Francesca Napolitano
Francesca Napolitano

Un’altra tragedia a Napoli frutto della disorganizzazione della sanità. Una donna di 42 anni, Francesca Napolitano di Bagnoli, è morta ieri mattina alle ore 8 nella sala di rianimazione dell’ospedale Monaldi dopo aver atteso tutta la notte un ricovero urgente per un intervento che non è mai arrivato e che sarebbe servito per decomprimere il suo cuore afflitto da una miocardite acuta. Le due sale operatorie del nosocomio napoletano erano entrambe impegnate per un intervento di espianto al cuore e un secondo intervento per un aneurisma dissecante dell’aorta.

E altre nove sale operatorie delle strutture pubbliche e private della Campania avevano opposto al 118 i rifiuti al ricovero e al trattamento della paziente, nonostante l’ospedale San Paolo, presso il quale era ricoverata, ne avesse segnalato la gravità ed urgenza fin dalle 3 del mattino. Dopo la morte sono scattate subito le denunce dei familiari e ieri i carabinieri del Nas hanno acquisito le cartelle cliniche relative alla vicenda.

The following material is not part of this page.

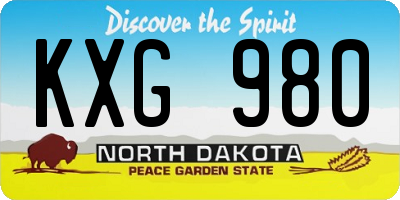 ND license plate KXG980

Gianantonio Nappi, primario del reparto di Cardiochirurgia Generale e dei Trapianti del Monaldi, al Mattino ha ammesso che non è stato possibile intervenire sulla donna in sala operatoria per la contemporanea indisponibilità dei due presidi chirurgici presenti nell’ospedale e impegnati in altri interventi, e ha denunciato la disorganizzazione della rete ospedaliera cardiochirurgica della regione: «È possibile che tutte le altre Cardiochirurgie erano indisponibili? Sono stati contattati gli altri centri?»